*RECORDS*:
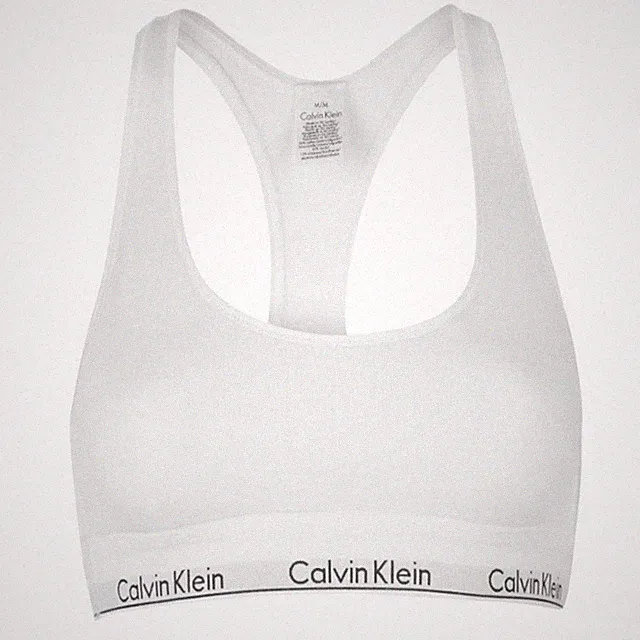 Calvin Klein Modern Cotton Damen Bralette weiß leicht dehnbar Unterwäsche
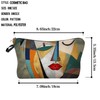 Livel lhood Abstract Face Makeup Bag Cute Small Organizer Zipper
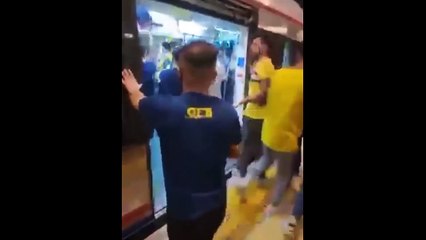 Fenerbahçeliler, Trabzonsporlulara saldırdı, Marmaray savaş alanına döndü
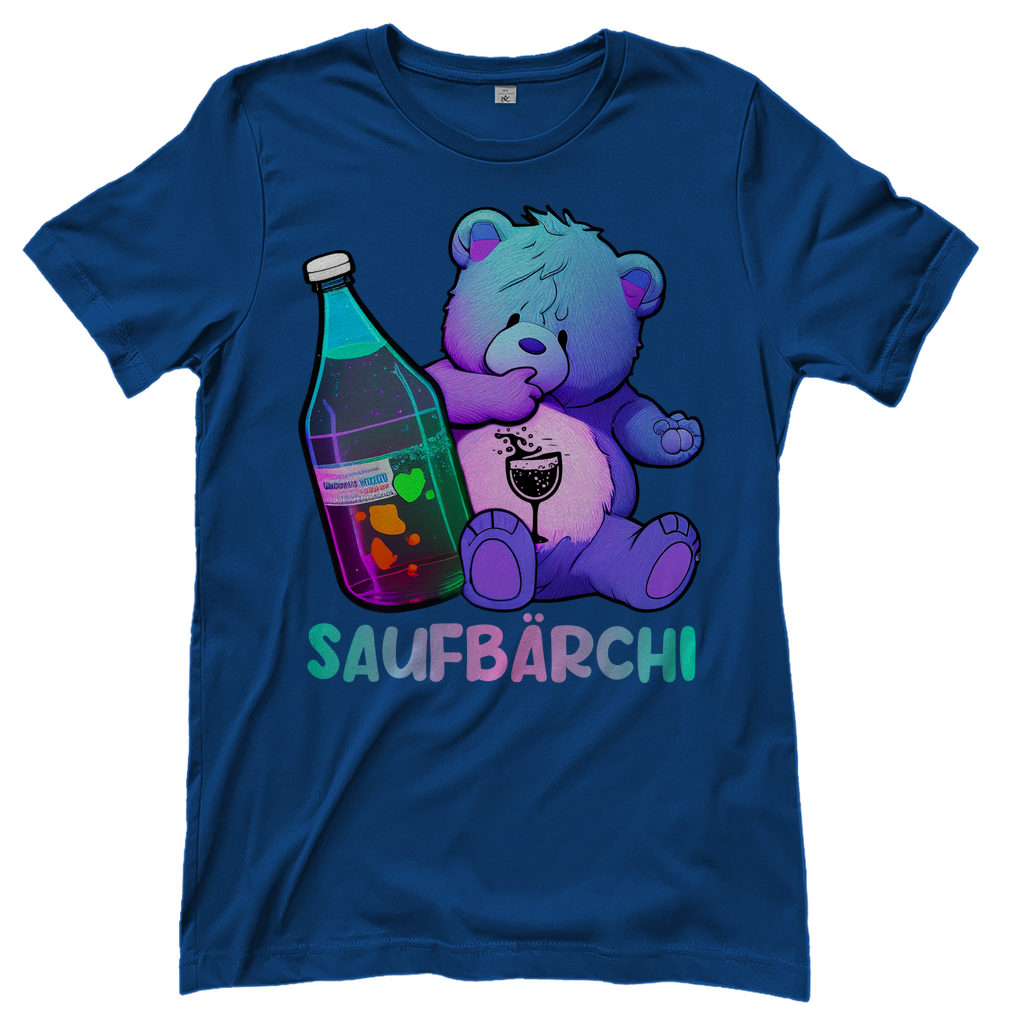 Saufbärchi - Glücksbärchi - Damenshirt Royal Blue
==
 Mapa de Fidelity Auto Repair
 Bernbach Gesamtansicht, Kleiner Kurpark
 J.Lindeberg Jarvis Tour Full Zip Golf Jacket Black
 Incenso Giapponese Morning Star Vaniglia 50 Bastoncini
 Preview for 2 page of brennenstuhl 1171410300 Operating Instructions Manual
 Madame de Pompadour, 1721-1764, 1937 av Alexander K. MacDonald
--
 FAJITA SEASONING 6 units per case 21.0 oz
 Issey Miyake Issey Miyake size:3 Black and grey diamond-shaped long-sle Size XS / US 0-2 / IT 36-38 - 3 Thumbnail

*EXERCISE GOAL*: In the listing above, how many lines have the string "Black" in them? Reply with only the figure.

*WRITTEN ANSWER*: 2